## GIVEN MATERIAL
---------------

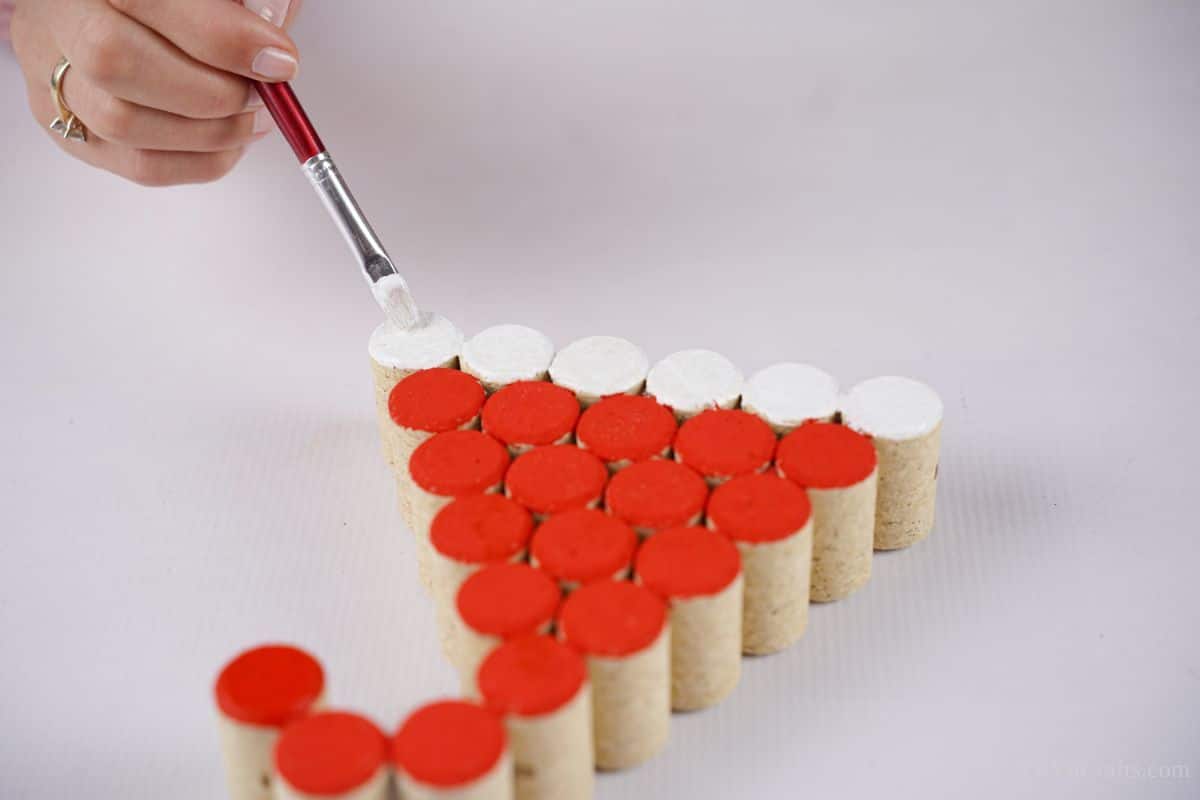 hand holding paintbrush to paint bottom row of cork on santa hat decoration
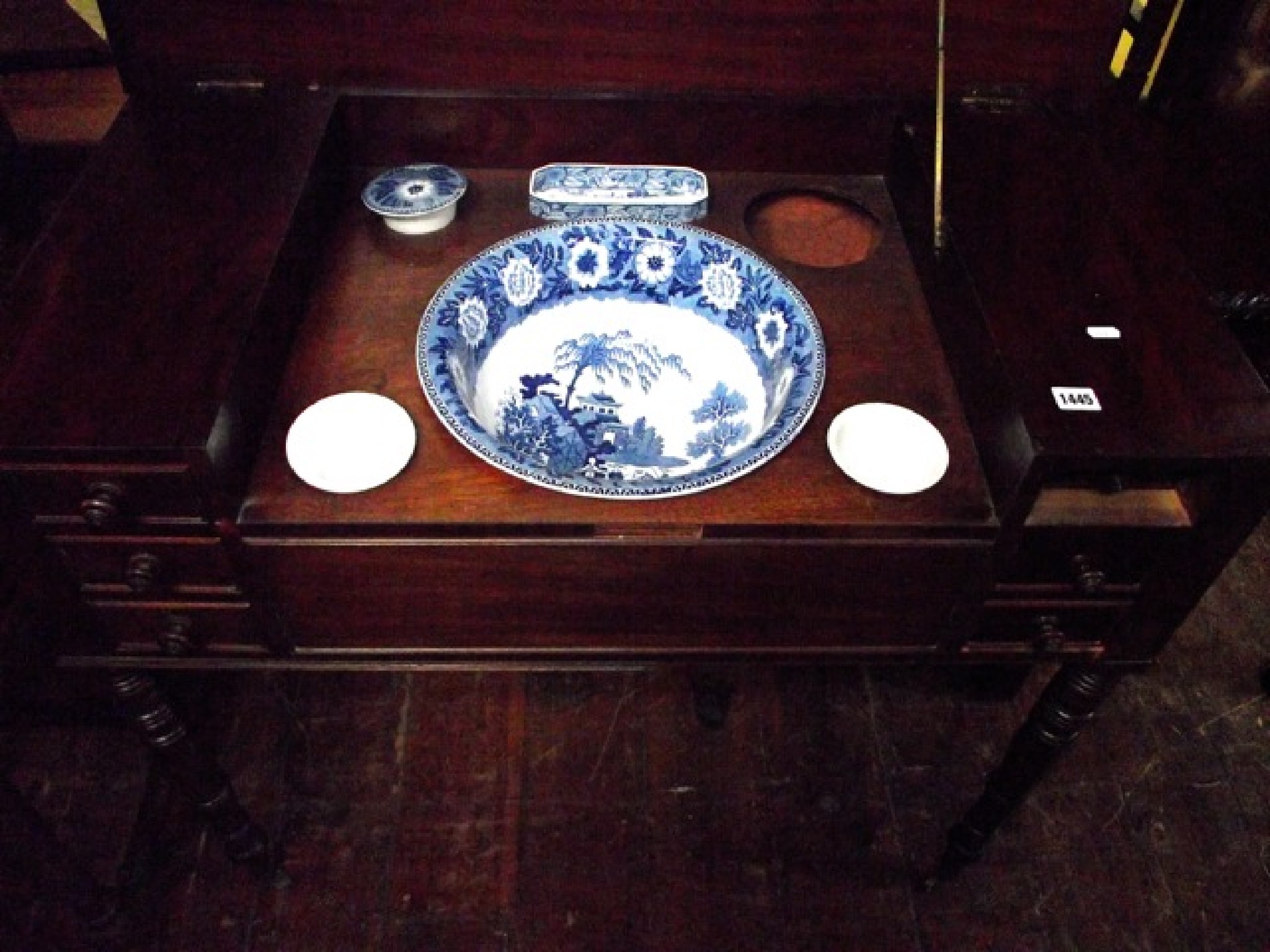 Appraisal: A Georgian mahogany washstand the rising lid revealing a collection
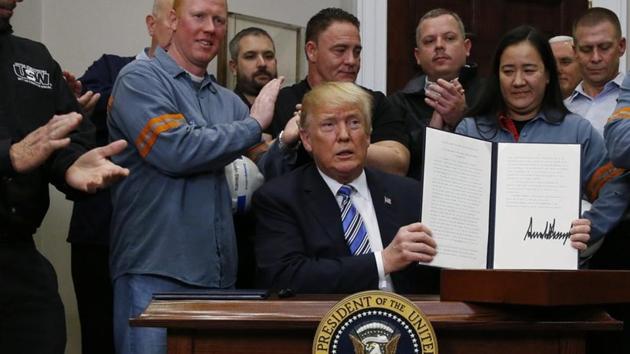 US President Donald Trump holds up a proclamation during a White House ceremony to establish tariffs on imports of steel and aluminium at the White House in Washington, on Thursday.(Reuters photo)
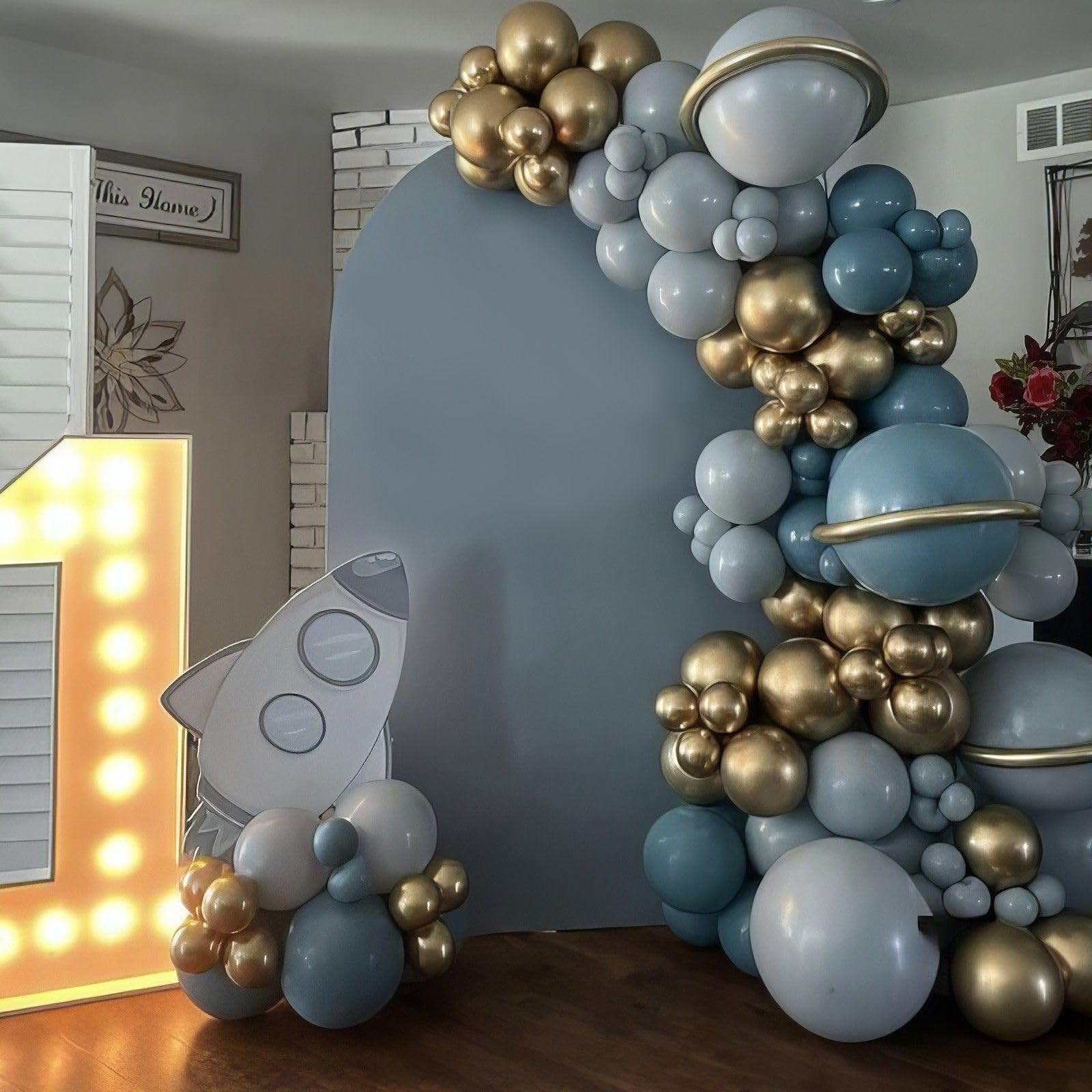 Balloon arch with dusty blue, sage green, retro sea blue, sand white, and metallic gold balloons, featuring a rocket cutout and a light-up number 1.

---------------

## TASK REQUIREMENTS
Exact copy required, pictures excluded: the lines from the one holding "US President Donald" through the last line of the data, both ends included.

## RESULT OF THE TASK
 US President Donald Trump holds up a proclamation during a White House ceremony to establish tariffs on imports of steel and aluminium at the White House in Washington, on Thursday.(Reuters photo)
 Balloon arch with dusty blue, sage green, retro sea blue, sand white, and metallic gold balloons, featuring a rocket cutout and a light-up number 1.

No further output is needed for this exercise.